National-democratic forces split
Ukraine's national-democratic forces have split for a second time. In the early 1990s Rukh divided over whether to cooperate with the national communists, who are today's centrists. Now the national-democratic camp has divided over the issue of how to relate to the past. Ms. Tymoshenko seeks to prosecute high-ranking centrists in the former regime implicated in corruption, abuse of office, the murder of journalist Heorhii Gongadze and election fraud.
In contrast, Mr. Yushchenko seeks "stability and peace" and turning over a new leaf (Financial Times, September 9, 12). Members of the Gongadze family, in particular, remain pessimistic that the president has the necessary "political will" to find who ordered the murder (eng.imi.org.ua). Many suspect that Mr. Yushchenko promised Mr. Kuchma immunity during the December 2004 roundtable negotiations.
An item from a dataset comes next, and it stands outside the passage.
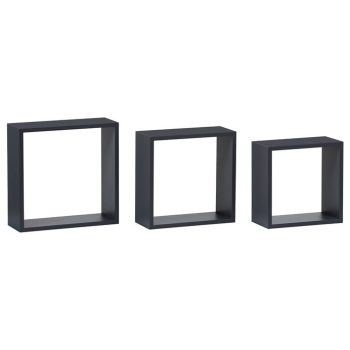 Fali polc szürke színben, mdf, P-008 GREY2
Acting Prime Minister Yurii Yekhanurov was head of the State Property Fund in 1994-1997 and opposes re-privatization. With this issue resolved, oligarchs may no longer feel threatened by the government and seek to cooperate with President Yushchenko.
Mr. Yushchenko's People's Union Our Ukraine party will now fight the 2006 parliamentary elections in alliance with centrists, the former backbone of the Mr. Kuchma regime, such as Verkhovna Rada Chairman Volodymyr Lytvyn's People's Party. Ms. Tymoshenko had opposed cooperating with centrists in the 2006 election.
A fundamental difference is that Mr. Yushchenko never felt comfortable in opposition, unlike Ms. Tymoshenko, and tends to seek compromise. During the Orange Revolution, for example, Mr. Yushchenko chose roundtable negotiations while Ms. Tymoshenko wanted to storm the presidential administration.
In contrast, Ms. Tymoshenko has considerable experience working in the opposition. She went into opposition in 1998 - four years ahead of Mr. Yushchenko and his business allies. After her government was removed last week, she immediately announced her readiness to go into opposition in the 2006 elections. She also intends to stand against Mr. Yushchenko in the 2009 presidential elections (Inter, September, Ukrayinska Pravda, September 13).
The Orange Revolution was bankrolled by businessmen who accompanied Mr. Yushchenko into opposition in 2001. The continued presence of these businessmen around Mr. Yushchenko, such as National Security and Defense Council Secretary Petro Poroshenko, reportedly worth $350 million, had led Ukrainians to wonder if politics really had changed. Mr. Kuchma had his oligarchs, and now Mr. Yushchenko has his own.
Differing ideologies
Second, Mr. Yushchenko and Ms. Tymoshenko embrace different ideologies. The Orange coalition was eclectic, including socialists, populists and reformers. Mr. Yushchenko's "liberal-right" views were opposed by Ms. Tymoshenko's "monopolistic left" policies (Zerkalo Nedeli/Dzerkalo Tyzhnia, September 10-16).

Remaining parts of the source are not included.